Your task is to repeat the lines below exactly, excluding any pictures they contain.

## Information shown
★ ★ ★ ★ ★ ★ ★

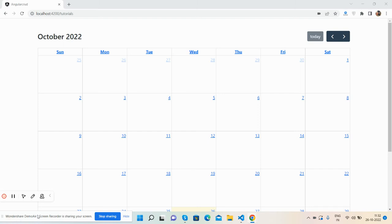Hello guys, how are you? Welcome back to my channel The Rich Boss, myself Ajay and I hope you are doing great. So guys, in this video I'm going to show you how to implement full calendar in Angular 14 or 15 as well in future.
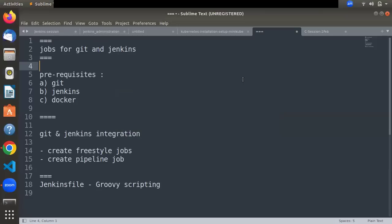Coming back to today's topic: we are going to understand how Git and Jenkins are integrated and how we can create a Jenkins job using Git. There are some prerequisite tools you should have — Git, Jenkins, and Docker. If you don't have knowledge about these, go to the channel and search for these tools to find video tutorials. Docker is used for containerization, Jenkins is used for continuous integration and deployment, and Git is used for SCM — source code management.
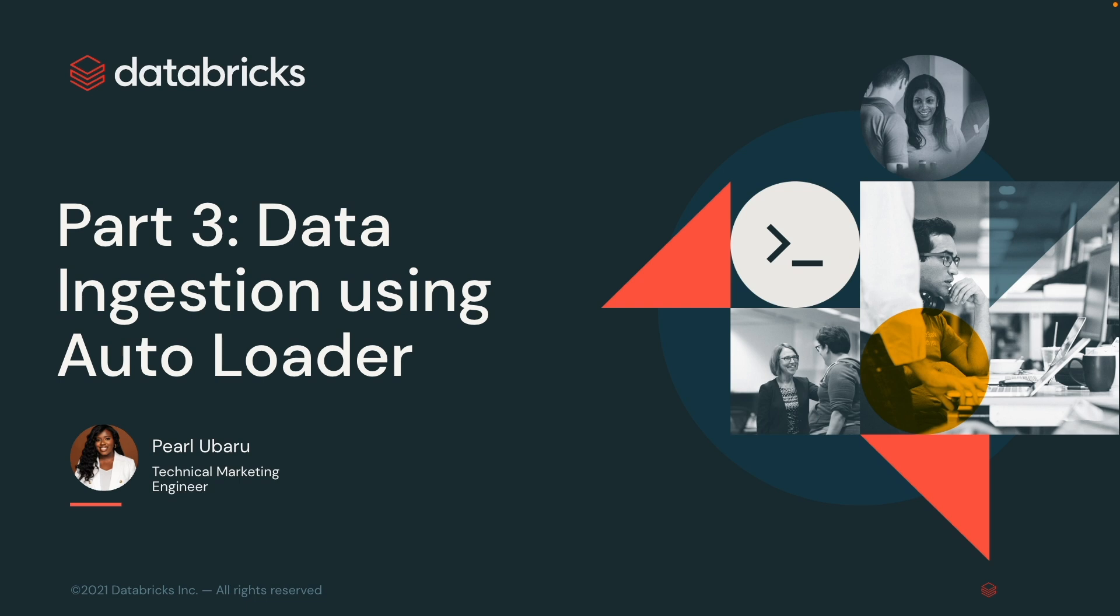Hello, my name is Pearl Ubaru and I am a Technical Marketing Engineer here at Databricks. Remember that there are a few options to ingest data into the lake house.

★ ★ ★ ★ ★ ★ ★

## Expected answer
Hello guys, how are you? Welcome back to my channel The Rich Boss, myself Ajay and I hope you are doing great. So guys, in this video I'm going to show you how to implement full calendar in Angular 14 or 15 as well in future.
Coming back to today's topic: we are going to understand how Git and Jenkins are integrated and how we can create a Jenkins job using Git. There are some prerequisite tools you should have — Git, Jenkins, and Docker. If you don't have knowledge about these, go to the channel and search for these tools to find video tutorials. Docker is used for containerization, Jenkins is used for continuous integration and deployment, and Git is used for SCM — source code management.
Hello, my name is Pearl Ubaru and I am a Technical Marketing Engineer here at Databricks. Remember that there are a few options to ingest data into the lake house.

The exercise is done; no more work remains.